在这里,徐冰用颜料在一群猴子的身上画上斑马的条纹。据徐冰说,他的创作是受一条新闻的启发。那条新闻指出,在中国南方的一些村庄里,为了吸引大批旅游观光客的到来,人们纷纷将毛驴打扮成斑马的样子。
在中国,政治与艺术的紧张关系本身就是一部长篇故事,但是,对今天的中国艺术家来说,如果他们的作品要有某种政治性的声明,那么它们也是以具有的讽刺性的间接的方式得以表达。
艺术家冯峰创作的“外在胫骨”是所有参展作品中最令人痛苦的。一条钉满了铁钉的男人的大腿充斥在一张巨大的摄影图片中,实在惨不忍睹。
人类对钢铁的感情是既怕又爱,这是作者的观察所得。艺术家这样写道:“钢铁与肉体的关系是非常直接的。”

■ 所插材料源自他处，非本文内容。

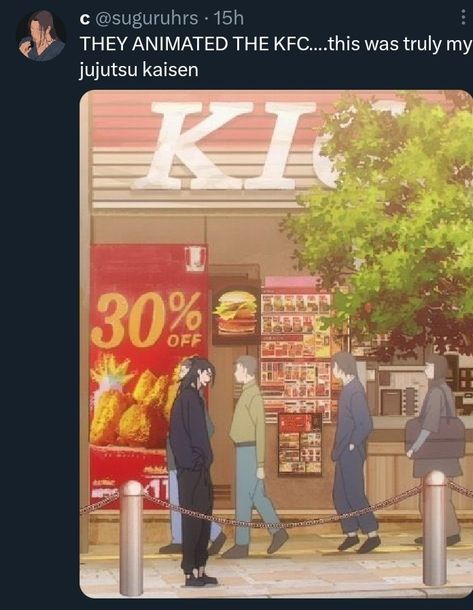 Satosugu Kfc Breakup, Satosugu Kfc, Kfc Breakup, Jujutsu Kaisen 2, Anime Places, Try Not To Cry, Anime Mobile, Jin Woo, Best Anime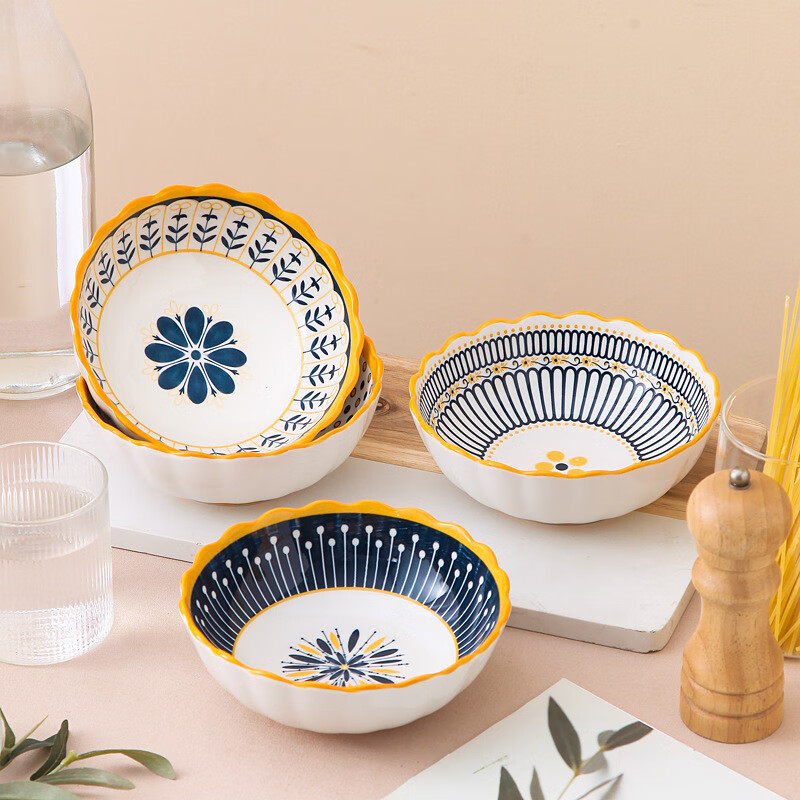 6.25英寸陶瓷碗家用拉面 面泡面 面碗饭碗沙拉碗高颜值米饭碗釉下 6.25寸-绚丽多彩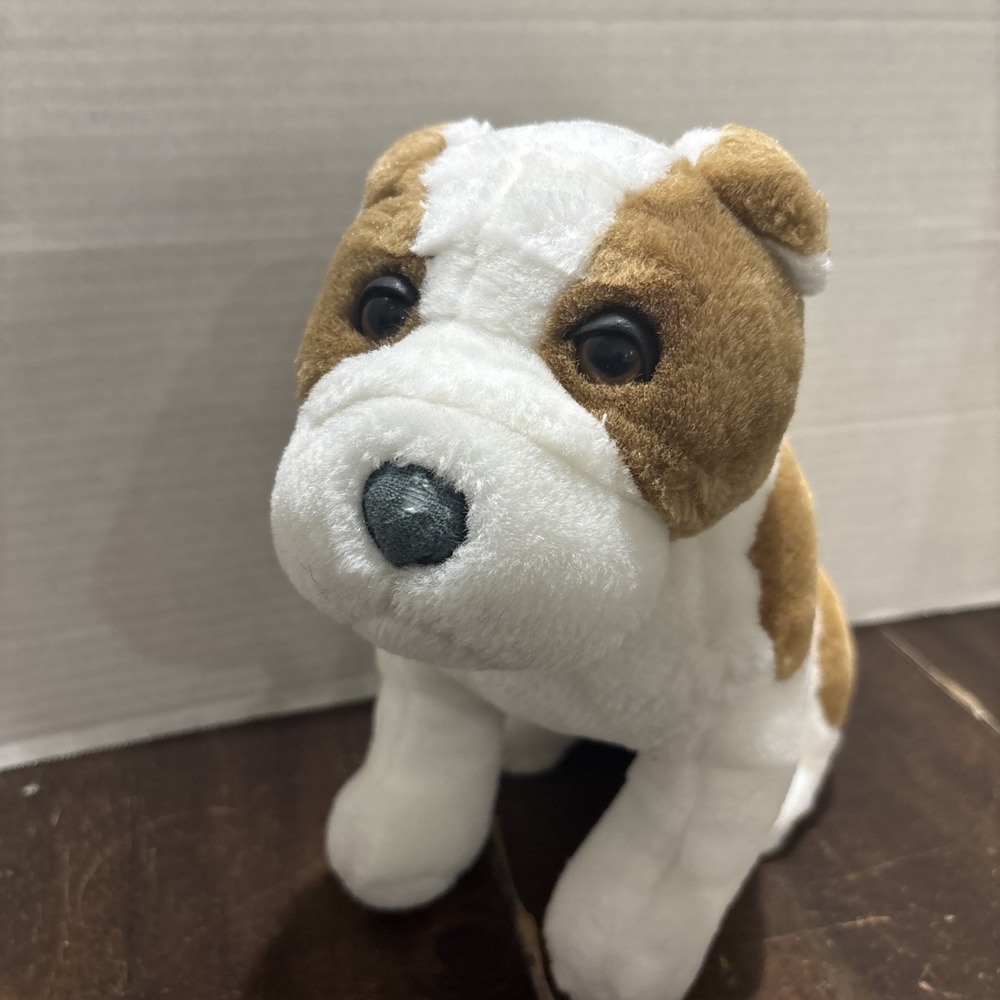 Aurora Classic Plush Bulldog Dog Realistic Stuffed Animal  12" 1996 Vintage RARE
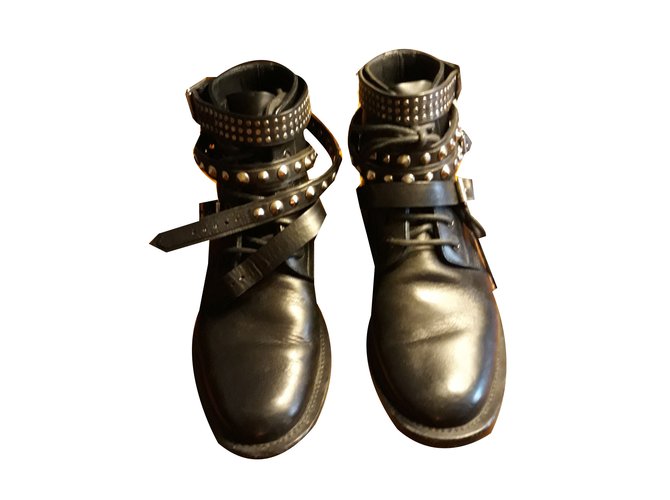 Yves Saint Laurent Boots Cuir Noir  ref.56274
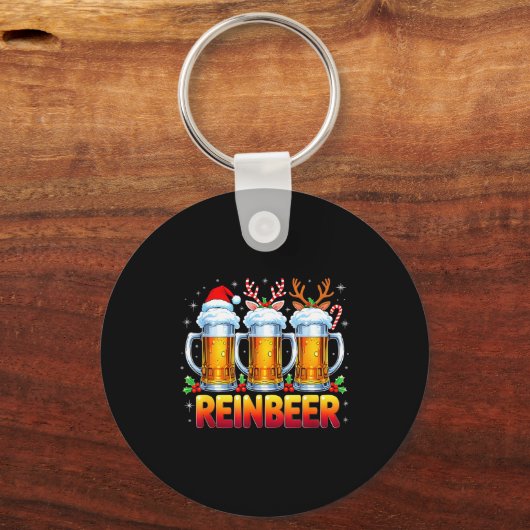 Christmas Santa Beer Lovers Funny Drinking Trend N Sleutelhanger (Voorkant)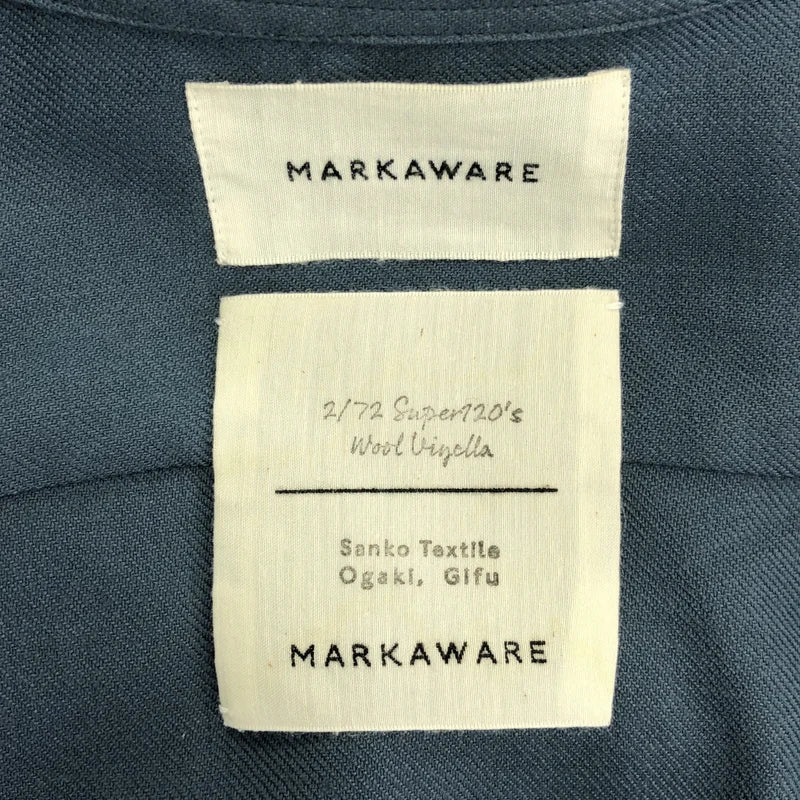 MARKAWARE / マーカウェア | 2022SS | FLY FRONT SHIRT / ORGANIC WOOL VIYELLA  / ロゴボタン フライフロント シャツ | 1 | メンズ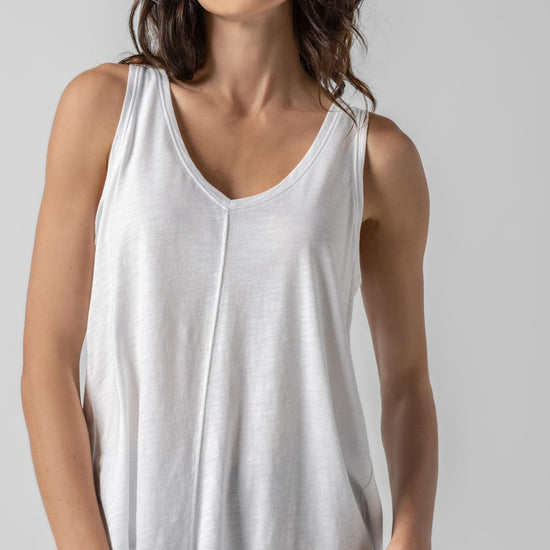Shirred Back V-Neck Tank in color White Image A1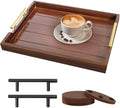 SXNOWS Large Wooden Serving Tray with 2 Sets of Handles,Dark Brown by Sxnows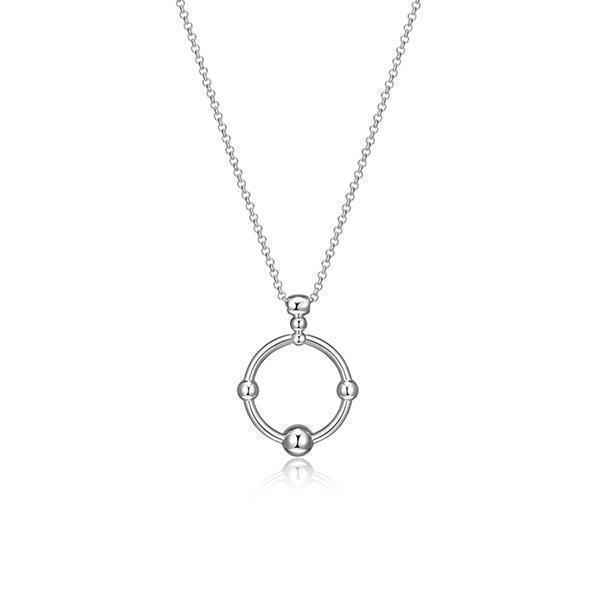 NR0LBPZ-W "Orb" Sterling Silver Bead Circle Necklace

在过去的历朝历代里,皇家的紫禁城凭借着沉重的镶着金属饰钉的红色大门将普通百姓拒之门外。艺术家张宏图带来的红色大门就是对中国特有的红色大门的调侃与玩弄。也许出于不同的原因,但是面对这个作品,许多人都会发出由衷的笑声。
它只是一个红色的大门,但是上面的饰钉已经变成了管子状的东西。这些管子的顶端呈圆形,高出门面足有几英寸。“这些形如男性生殖器的饰钉就是大门要保守的秘密。”巫鸿先生评论道。“当这个(难以相信的)秘密泄露于外,大门的神秘也随之消失”。
其他的作品更像是一般的反思之作。陈少峰创作的“与天公寺乡农民的对话”被称作是一个“行为和装置”作品。事实上,它是一个由许多小幅油画肖像组成的占满一个墙面的大幅组画。陈为每一位村民绘制的生动的画像,以及这些村民笔下的小胡子陈的画像一组组对照地排列在一起,其中有几组画像十分和谐,的确令人震惊。
他希望看到村民们“以平等的身份参加到我的作品中,”陈先生解释道。“对大多数村民来说,参与创作使他们意识到他们自己从不知道到的才能,事情的本身就十分有意思,”他说。